Une note confidentielle du renseignement territorial français estime que Jean-Luc Mélenchon aurait bénéficié d’un «vote musulman», lors de la précédente élection présidentielle. Révélé récemment par Europe 1, le document indique que le chef de file de La France Insoumise (LFI) a eu des prises de position saluées et relayées par «de nombreux influenceurs et activistes islamistes au cours de la campagne». Selon le média, la note a été adressée à quelques hauts fonctionnaires, des membres du gouvernement et l’Élysée, trois semaines après le second tour du scrutin.
Rédigée en mai dernier par le Service central du renseignement territorial (SCRT), la note de 12 pages porte surtout sur «les influences islamistes dans le cadre du processus démocratique». Il s’agit de comprendre comment près de 70% des électeurs qui se considèrent musulmans ont voté pour Mélenchon au premier tour, sur la base d’une étude de l’IFOP pour La Croix. Le document pointe notamment un «contexte pré-électoral» où le débat sur l’islam a été «quasi-permanent», favorisant «l’expression d’idées hostiles à l’islam et aux musulmans».

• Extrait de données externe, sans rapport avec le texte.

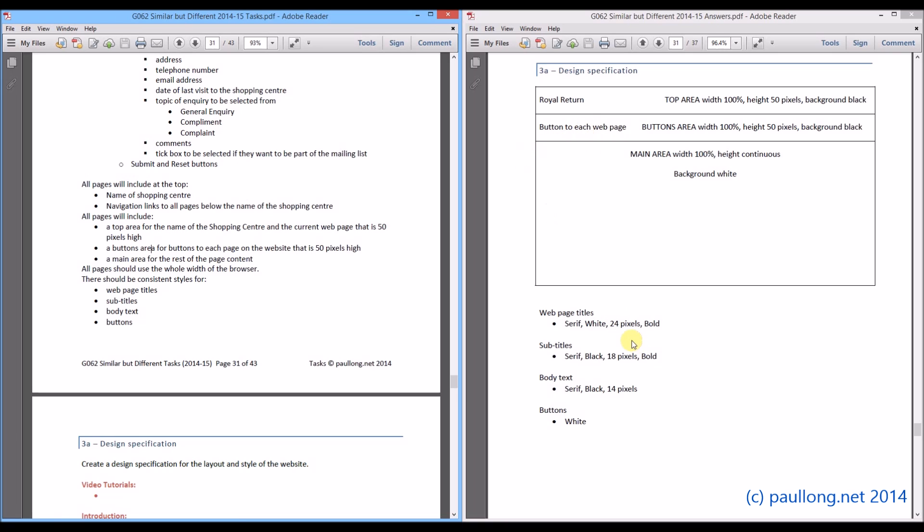So we are going to say that our web page titles are going to be a serif font, white, 24 pixels and bold. Now having chosen that serif font it is probably sensible to keep using the serif font for all the other types of style. We have identified a colour for each one and the size for each one. And for these two we have also identified them as being bold.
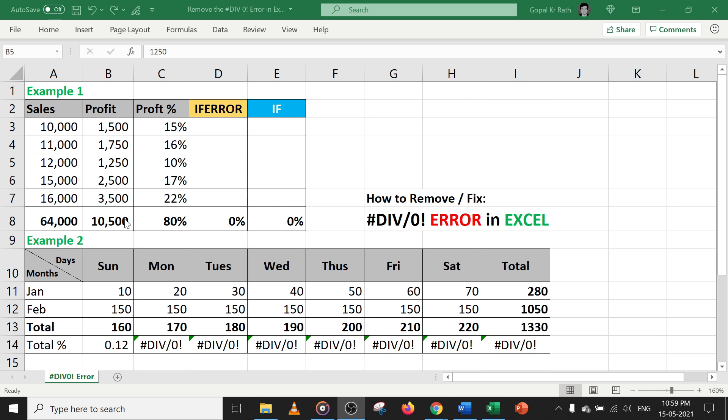In this video, you will learn about the divide by zero error in Excel and how to fix or remove it. Please watch the video carefully so you can understand in detail from the examples, including how and when you get this error and how to fix it.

Si la note se focalise particulièrement sur le vote musulman et l’associe à Mélenchon, les résultats du second tour de l’élection présidentielle française, dimanche 24 avril, contredisent l’hypothèse d’un vote communautaire. L’IFOP indique 85% des musulmans votants ont choisi le président Emmanuel Macron pour un second mandat, tandis que 15% ont choisi le RN. Abstraction faite de la couleur politique des candidats, l’objectif principal a ainsi été de faire barrage à l’extrême droite, y compris chez les électeurs ne se disant pas de religion musulmane.
Dans ce sens, l’étude a montré que les électeurs catholiques restent les plus nombreux à s’être déplacés vers les bureaux de vote (79%). Ils sont suivis des protestants (70%) et de ceux ne s’identifiant à aucune religion (66%), les musulmans représentant 58%.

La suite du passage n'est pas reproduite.